- DATA FOR THE TASK:
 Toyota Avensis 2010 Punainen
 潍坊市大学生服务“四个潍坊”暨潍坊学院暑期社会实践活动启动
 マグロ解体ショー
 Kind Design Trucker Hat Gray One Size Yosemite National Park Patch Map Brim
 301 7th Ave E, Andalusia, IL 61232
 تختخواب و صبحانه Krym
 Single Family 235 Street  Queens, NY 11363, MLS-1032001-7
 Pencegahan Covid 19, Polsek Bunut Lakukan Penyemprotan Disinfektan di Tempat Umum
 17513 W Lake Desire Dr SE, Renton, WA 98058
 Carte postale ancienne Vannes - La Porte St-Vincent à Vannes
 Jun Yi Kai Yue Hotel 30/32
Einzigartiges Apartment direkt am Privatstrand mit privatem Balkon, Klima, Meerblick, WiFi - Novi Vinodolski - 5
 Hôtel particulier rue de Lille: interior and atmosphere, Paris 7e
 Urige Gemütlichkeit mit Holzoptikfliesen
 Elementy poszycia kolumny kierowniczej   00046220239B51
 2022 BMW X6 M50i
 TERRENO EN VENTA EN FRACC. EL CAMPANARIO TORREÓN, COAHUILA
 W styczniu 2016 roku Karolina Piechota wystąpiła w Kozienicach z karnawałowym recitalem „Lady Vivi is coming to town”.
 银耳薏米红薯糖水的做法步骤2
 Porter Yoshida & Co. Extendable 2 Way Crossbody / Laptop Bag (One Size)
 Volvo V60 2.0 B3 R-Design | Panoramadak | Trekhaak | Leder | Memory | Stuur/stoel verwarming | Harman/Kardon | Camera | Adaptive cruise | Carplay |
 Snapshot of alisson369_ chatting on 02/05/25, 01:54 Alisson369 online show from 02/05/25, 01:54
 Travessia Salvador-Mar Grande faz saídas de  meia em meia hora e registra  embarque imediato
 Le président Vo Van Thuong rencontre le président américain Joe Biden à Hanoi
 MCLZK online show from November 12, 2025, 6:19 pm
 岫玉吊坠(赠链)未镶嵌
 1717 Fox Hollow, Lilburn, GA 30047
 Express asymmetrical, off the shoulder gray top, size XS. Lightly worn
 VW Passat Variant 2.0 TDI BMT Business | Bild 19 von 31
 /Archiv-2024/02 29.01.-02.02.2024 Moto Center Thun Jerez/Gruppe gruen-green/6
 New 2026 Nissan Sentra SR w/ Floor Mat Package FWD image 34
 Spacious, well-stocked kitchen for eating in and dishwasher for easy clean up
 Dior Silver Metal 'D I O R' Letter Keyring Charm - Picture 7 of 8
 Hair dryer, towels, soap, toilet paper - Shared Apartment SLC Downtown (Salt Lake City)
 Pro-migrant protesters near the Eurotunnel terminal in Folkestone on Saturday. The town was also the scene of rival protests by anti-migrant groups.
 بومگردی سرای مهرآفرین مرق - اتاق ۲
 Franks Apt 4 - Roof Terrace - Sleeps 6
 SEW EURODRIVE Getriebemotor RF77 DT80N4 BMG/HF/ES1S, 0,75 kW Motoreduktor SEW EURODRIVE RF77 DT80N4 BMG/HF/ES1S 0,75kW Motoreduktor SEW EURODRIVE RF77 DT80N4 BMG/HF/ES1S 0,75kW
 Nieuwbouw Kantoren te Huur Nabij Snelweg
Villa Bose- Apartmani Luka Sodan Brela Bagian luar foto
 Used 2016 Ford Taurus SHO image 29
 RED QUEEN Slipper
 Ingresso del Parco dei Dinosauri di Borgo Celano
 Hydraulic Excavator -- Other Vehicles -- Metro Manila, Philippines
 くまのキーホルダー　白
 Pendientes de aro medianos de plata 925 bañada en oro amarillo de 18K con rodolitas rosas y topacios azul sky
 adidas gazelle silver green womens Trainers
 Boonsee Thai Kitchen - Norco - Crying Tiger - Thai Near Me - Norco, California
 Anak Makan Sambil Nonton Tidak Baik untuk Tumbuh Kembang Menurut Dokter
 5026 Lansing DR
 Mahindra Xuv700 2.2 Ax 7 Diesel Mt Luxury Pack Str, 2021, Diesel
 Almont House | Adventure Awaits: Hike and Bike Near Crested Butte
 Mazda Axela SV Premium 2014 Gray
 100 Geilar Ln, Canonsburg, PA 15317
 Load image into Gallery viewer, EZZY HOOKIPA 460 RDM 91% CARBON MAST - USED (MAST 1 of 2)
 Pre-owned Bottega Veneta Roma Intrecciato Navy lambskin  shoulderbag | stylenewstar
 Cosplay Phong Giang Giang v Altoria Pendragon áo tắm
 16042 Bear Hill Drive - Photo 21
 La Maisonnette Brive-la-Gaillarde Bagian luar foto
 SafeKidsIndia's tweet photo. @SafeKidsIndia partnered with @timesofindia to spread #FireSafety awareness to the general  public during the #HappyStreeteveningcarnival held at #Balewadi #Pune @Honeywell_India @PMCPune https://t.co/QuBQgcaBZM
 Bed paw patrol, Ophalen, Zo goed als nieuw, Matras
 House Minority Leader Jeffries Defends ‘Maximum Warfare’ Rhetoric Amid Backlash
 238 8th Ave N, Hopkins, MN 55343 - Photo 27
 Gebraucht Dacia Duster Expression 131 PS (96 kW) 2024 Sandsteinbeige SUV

- WHAT NEEDS TO BE DONE: Where a line of the records includes "green", copy it.

- RESULT FOR THIS EXERCISE:
 /Archiv-2024/02 29.01.-02.02.2024 Moto Center Thun Jerez/Gruppe gruen-green/6
 adidas gazelle silver green womens Trainers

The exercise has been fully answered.